6-Cyano-7-nitroquinoxaline-2,3-dione (CNQX) is a chemical compound widely used in neuroscience research.
As a selective antagonist of the AMPA-type glutamate receptor, CNQX plays a crucial role in understanding the mechanisms of excitatory neurotransmission in the central nervous system.
This compound has been instrumental in studying the involvement of AMPA receptors in various neurological processes and disorders.
CNQX is often used in conjunction with other compounds, such as Picrotoxin, D-AP5, and Bicuculline, to investigate the complex interplay between different neurotransmitter systems.
Researchers can leverage the power of PubCompare.ai, an AI-driven platform, to optimize their CNQX-based studies.
This platform helps identify the best protocols and products from literature, pre-prints, and patents, enhancing the reproducibility and accuracy of their research.
The Multiclamp 700B amplifier is a common tool used in electrophysiological studies involving CNQX, as it allows for precise control and measurement of neuronal activity.
Additionally, DMSO is often used as a solvent for CNQX, enabling its introduction into experimental systems.
By incorporating these related terms, abbreviations, and key subtopics, researchers can gain a comprehensive understanding of the applications and considerations surrounding the use of 6-Cyano-7-nitroquinoxaline-2,3-dione (CNQX) in their neuroscience investigations.
PubCompare.ai remains a valuable resource for streamlining workflows and improving research outcomes.

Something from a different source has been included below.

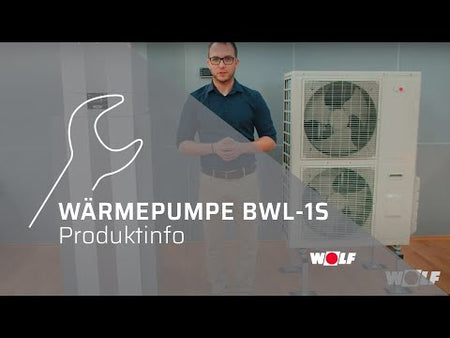 Produktinformationen der WOLF GmbH für Fachbetriebe – Luft/Wasser-Wärmepumpe in Splitbauweise BWL-1S. 

Unsere Luft/Wasser-Wärmepumpe in Splitbauweise überzeugt nicht nur mit einer hocheffizienten Umwälzpumpe, sondern ist durch den „Night Silent Mode“ auch noch äußerst leise. 

Mehr Informationen finden Sie auf unserer Website unter http://bit.ly/2wQYBAl.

As a selective antagonist of the AMPA-type glutamate receptor, CNQX plays a crucial role in understanding the mechanisms of excitatory neurotransmission in the central nervous system.

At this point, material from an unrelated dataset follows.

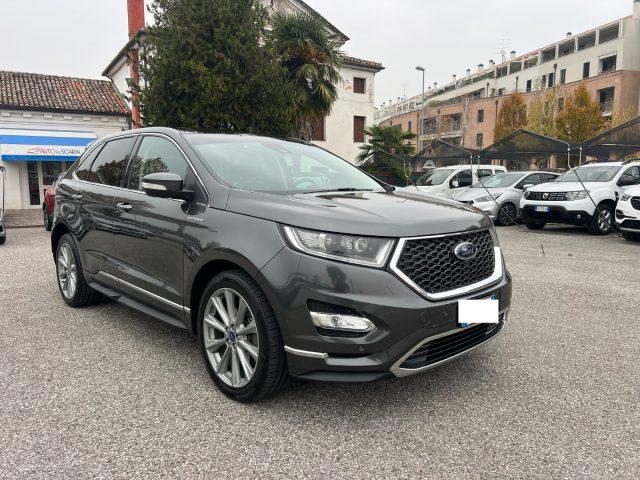 FORD Edge 2.0 TDCI 210 CV AWD Start&Stop Powershift Vignale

This compound has been instrumental in studying the involvement of AMPA receptors in various neurological processes and disorders.
CNQX is often used in conjunction with other compounds, such as Picrotoxin, D-AP5, and Bicuculline, to investigate the complex interplay between different neurotransmitter systems.
Researchers can leverage the power of PubCompare.ai, an AI-driven platform, to optimize their CNQX-based studies.
This platform helps identify the best protocols and products from literature, pre-prints, and patents, enhancing the reproducibility and accuracy of their research.
The Multiclamp 700B amplifier is a common tool used in electrophysiological studies involving CNQX, as it allows for precise control and measurement of neuronal activity.
Additionally, DMSO is often used as a solvent for CNQX, enabling its introduction into experimental systems.
By incorporating these related terms, abbreviations, and key subtopics, researchers can gain a comprehensive understanding of the applications and considerations surrounding the use of 6-Cyano-7-nitroquinoxaline-2,3-dione (CNQX) in their neuroscience investigations.
PubCompare.ai remains a valuable resource for streamlining workflows and improving research outcomes.